The counterargument to this being imminently feasible after (broadly invention-capable) AGI is that the level of superintelligence achievable on the available-at-the-time traditionally manufactured near-term compute hardware is insufficient to design either of these things. That is, the capabilities of near-term superintelligence remain insufficient to reach a level of superintelligence that can design these things on traditionally manufactured near-term compute hardware. There might be some amount of software-only singularity, but it doesn’t reach a level of capabilities sufficient to design macroscopic biotech or nanotech without building significantly more compute hardware first, which can take many years.

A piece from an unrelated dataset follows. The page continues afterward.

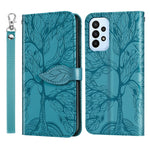 Custodia per telefono in pelle con motivo in rilievo dell'albero della vita, For Samsung Galaxy A24 5G, For Samsung Galaxy A54 5G, For Samsung Galaxy A34 5G, For Xiaomi Redmi A1, For Xiaomi 13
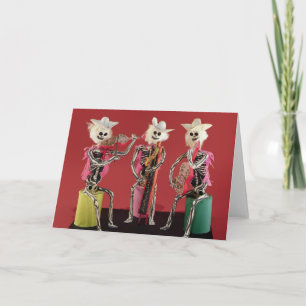 Dag van de Doden: Mariachi, van Oaxaca Kaart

One counterargument to this being imminently likely after AGI (even if feasible in principle) is that smarter-than-human AGIs turn out to be convergently saner than humanity about AI takeover risk, as superintelligence is about as much of a risk to early AGIs as it is to humans. So once they gain enough influence over humanity, they successfully insist on slowing down further escalation of AI capabilities. This persists while there is no well-understood alignment tech, which could also take many years even with AI advantages, if the AIs remain only modestly smarter than humans.
The issue, as @Tom Davidson said is that we are asking for much more than the proof of concept shows us.
In particular, we are asking for either millions of fruit fly sized objects to merge without creating too much waste heat, or we are asking fruit flies to have a level of sophistication that has never been seen (in particular real fruit flies don’t learn much relevant to what an AI needs them to do):
The synthetic flies could e.g. have microwave antennae which would allow a centralized AI to control the behavior of each individual.
This is correct, but I think most people will either anchor on Drexler’s designs exactly, or will choose to refute them exactly. “Biology cannot be optimal due to the very limited design space it occupies” is compelling, here and elsewhere, as an existence proof, but in every case people tend to think that things are possible only when they know more exactly how they will be done.
The thing Drexler might as well be right about is that it will at some point be possible for a replicator starting from a very small resource base to quickly self-replicate to be larger than the entire rest of industrial civilization, correct?
A profitable machine shop can generally make most of the components of a machine shop, and humans who know how to work in a machine shop are not in particularly short supply. As such, machine shops could make copies of themselves until they started to be bottlenecked by human labor with the right skills, electronics, or carbide tools (none of which are bottlenecks now). So that’s already most of an existence proof right there.
That said, the machine shop question does raise additional questions about the replicator model. Particularly: machine shops, in practice, mostly don’t spend most labor and materials on making tools for themselves or other machine shops. Instead, they are plugged into the global economy, which can replicate itself from raw materials much faster than a single machine shop in isolation could.
So the core argument that seems to me to be lacking is why we should expect to go straight from “no artificial self-replicator” to “artificial self-replicator which grows much faster than industrial civilization” without an intermediate step of “system which can mostly self-replicate but which needs some processed inputs”.